╭─ RECORDS SUPPLIED

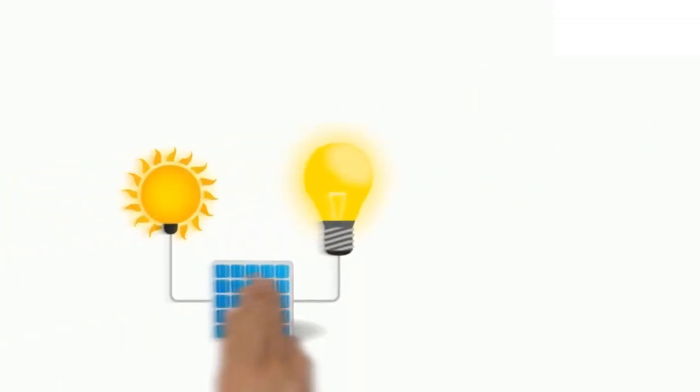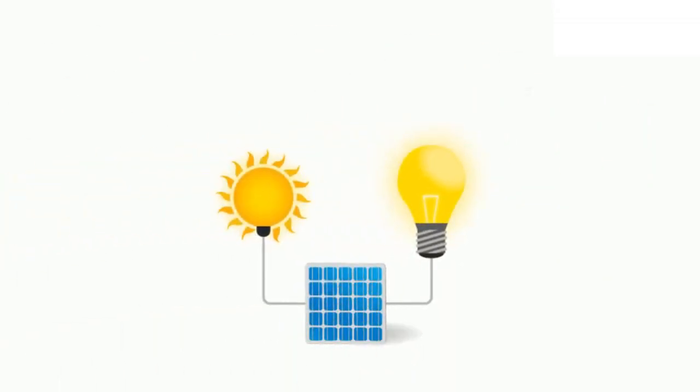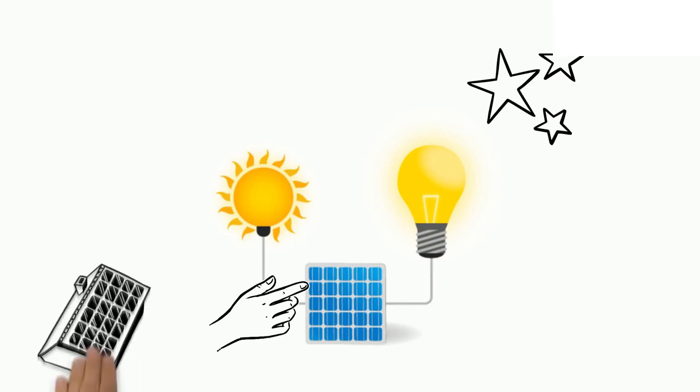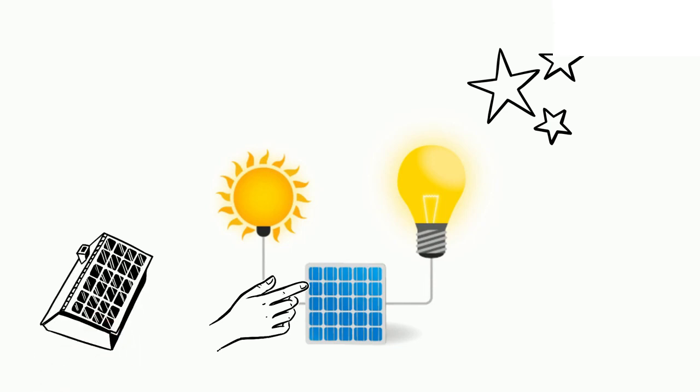They do this by exciting electrons in silicon cells using the photons of light from the sun. Most of the time, these panels are placed on the roof in order to get as much exposure to the sun as possible.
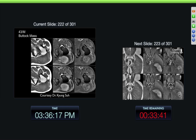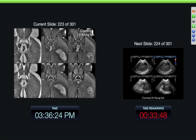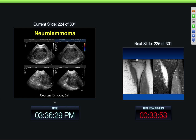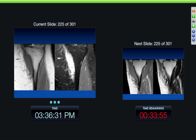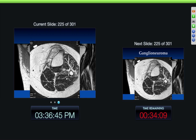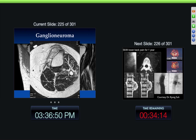43-year-old male with a large buttock mass — this was a neurolemmoma. Here's a mass along the tibia — much more inhomogeneous, margins much less distinct than the other tumors we've just been seeing. Almost a little bit like it's infiltrative into the subcutaneous fat. And this was a ganglioneuroma. It was benign, but it had a more aggressive growth pattern than most peripheral nerve sheath tumors.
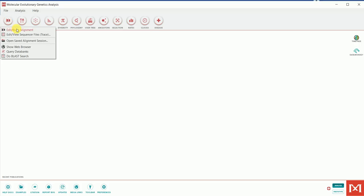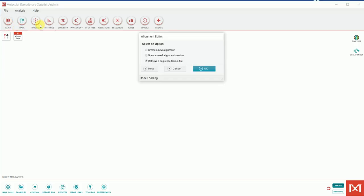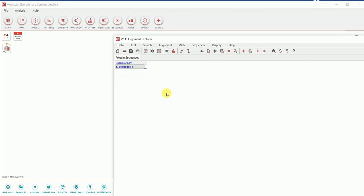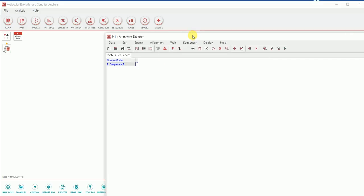After clicking 'Edit or Build Alignment,' it gives you several options: create a new alignment, open a saved alignment session, or retrieve a sequence from a file. Since I don't have a saved session, I'm going to create a new alignment. It then asks whether you're building from DNA sequences or protein/amino acid sequences. Since I'm performing phylogenetic analysis using amino acid sequences, I'll click on 'Protein.'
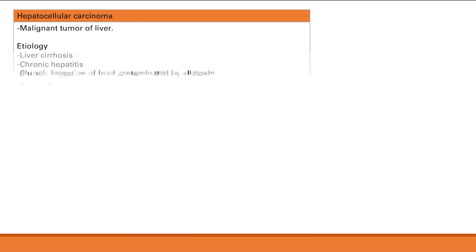Clinical features are very general — it just presents with symptoms of underlying disease, such as hepatotoxicity or Wilson's disease. There are no symptoms of the liver tumor yet; those present later. The serum tumor marker here is alpha-fetoprotein, which is secreted by the liver.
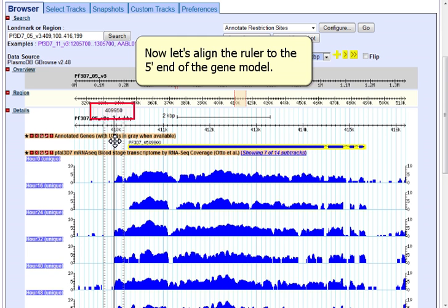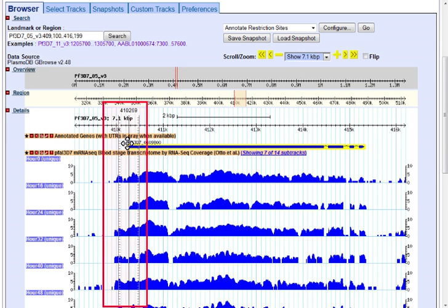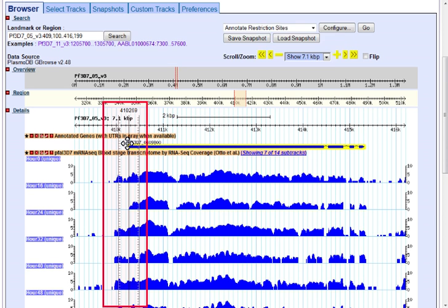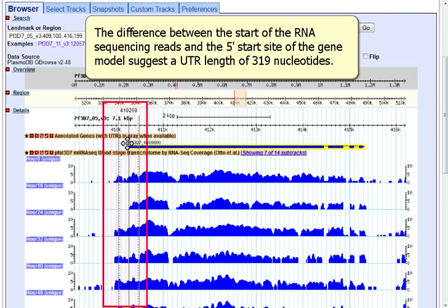Now let's align the ruler to the 5' end of the gene model. The gene model begins at nucleotide 410,269. The difference between the start of the RNA sequencing reads and the 5' start site of the gene model suggests a UTR length of 319 nucleotides.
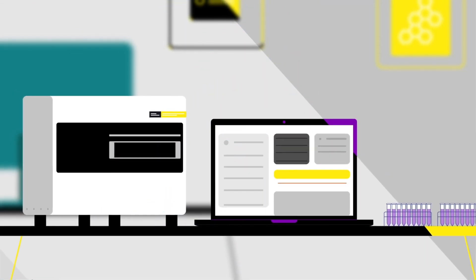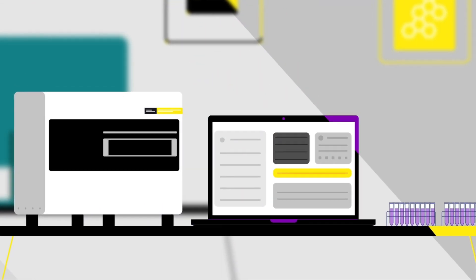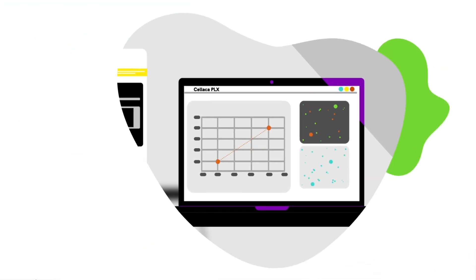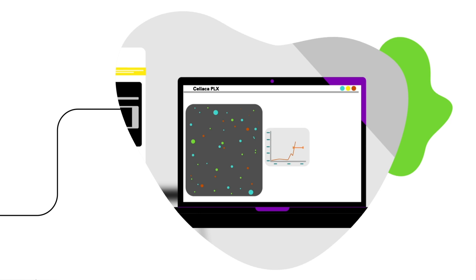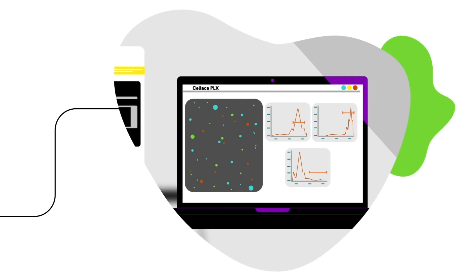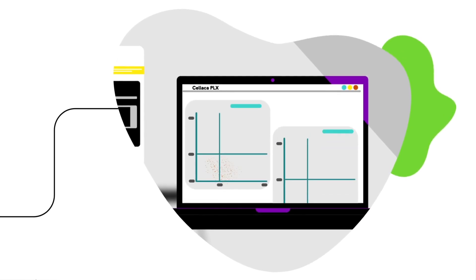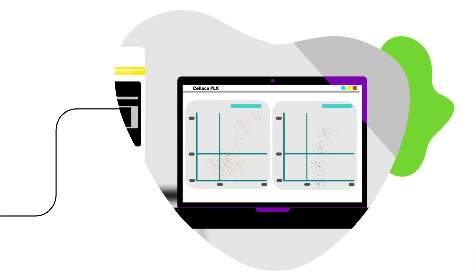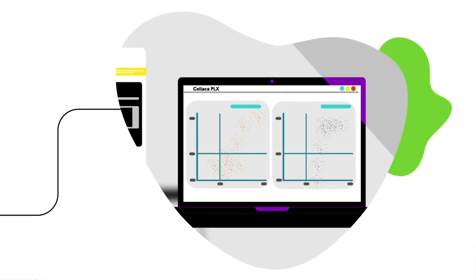The Celica PLX Image Cytometer enables high throughput, accurate cell counting, and multiplexed assays in a faster, benchtop solution.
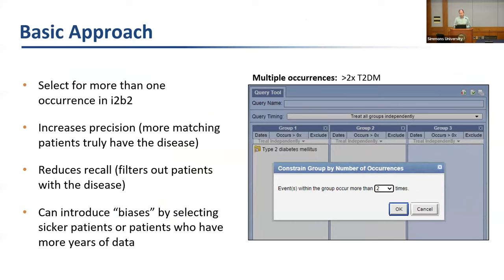A basic approach to selecting phenotypes that's been in i2b2 from the start is selecting multiple occurrences of a condition. If you drag in type 2 diabetes and click the 'occurs' button, you can specify patients who have more than two occurrences in their record. This increases precision — patients returned are more likely to have diabetes — but reduces recall, losing patients who really do have diabetes. This crude method can also introduce biases toward sicker patients or those with more years of data.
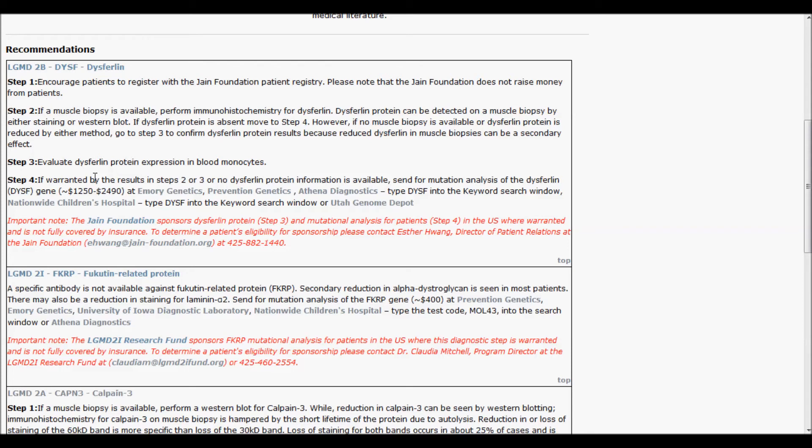For example, free protein and/or genetic diagnoses are available through the Jane Foundation for patients that are predicted to have LGMD-2B.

╰─

**INSTRUCTIONS TO FOLLOW:**
The records above must be repeated in full and exactly, but without any of the pictures.

**OUTPUT FOR THIS EXERCISE:**
They do this by exciting electrons in silicon cells using the photons of light from the sun. Most of the time, these panels are placed on the roof in order to get as much exposure to the sun as possible.
43-year-old male with a large buttock mass — this was a neurolemmoma. Here's a mass along the tibia — much more inhomogeneous, margins much less distinct than the other tumors we've just been seeing. Almost a little bit like it's infiltrative into the subcutaneous fat. And this was a ganglioneuroma. It was benign, but it had a more aggressive growth pattern than most peripheral nerve sheath tumors.
After clicking 'Edit or Build Alignment,' it gives you several options: create a new alignment, open a saved alignment session, or retrieve a sequence from a file. Since I don't have a saved session, I'm going to create a new alignment. It then asks whether you're building from DNA sequences or protein/amino acid sequences. Since I'm performing phylogenetic analysis using amino acid sequences, I'll click on 'Protein.'
Clinical features are very general — it just presents with symptoms of underlying disease, such as hepatotoxicity or Wilson's disease. There are no symptoms of the liver tumor yet; those present later. The serum tumor marker here is alpha-fetoprotein, which is secreted by the liver.
Now let's align the ruler to the 5' end of the gene model. The gene model begins at nucleotide 410,269. The difference between the start of the RNA sequencing reads and the 5' start site of the gene model suggests a UTR length of 319 nucleotides.
The Celica PLX Image Cytometer enables high throughput, accurate cell counting, and multiplexed assays in a faster, benchtop solution.
A basic approach to selecting phenotypes that's been in i2b2 from the start is selecting multiple occurrences of a condition. If you drag in type 2 diabetes and click the 'occurs' button, you can specify patients who have more than two occurrences in their record. This increases precision — patients returned are more likely to have diabetes — but reduces recall, losing patients who really do have diabetes. This crude method can also introduce biases toward sicker patients or those with more years of data.
For example, free protein and/or genetic diagnoses are available through the Jane Foundation for patients that are predicted to have LGMD-2B.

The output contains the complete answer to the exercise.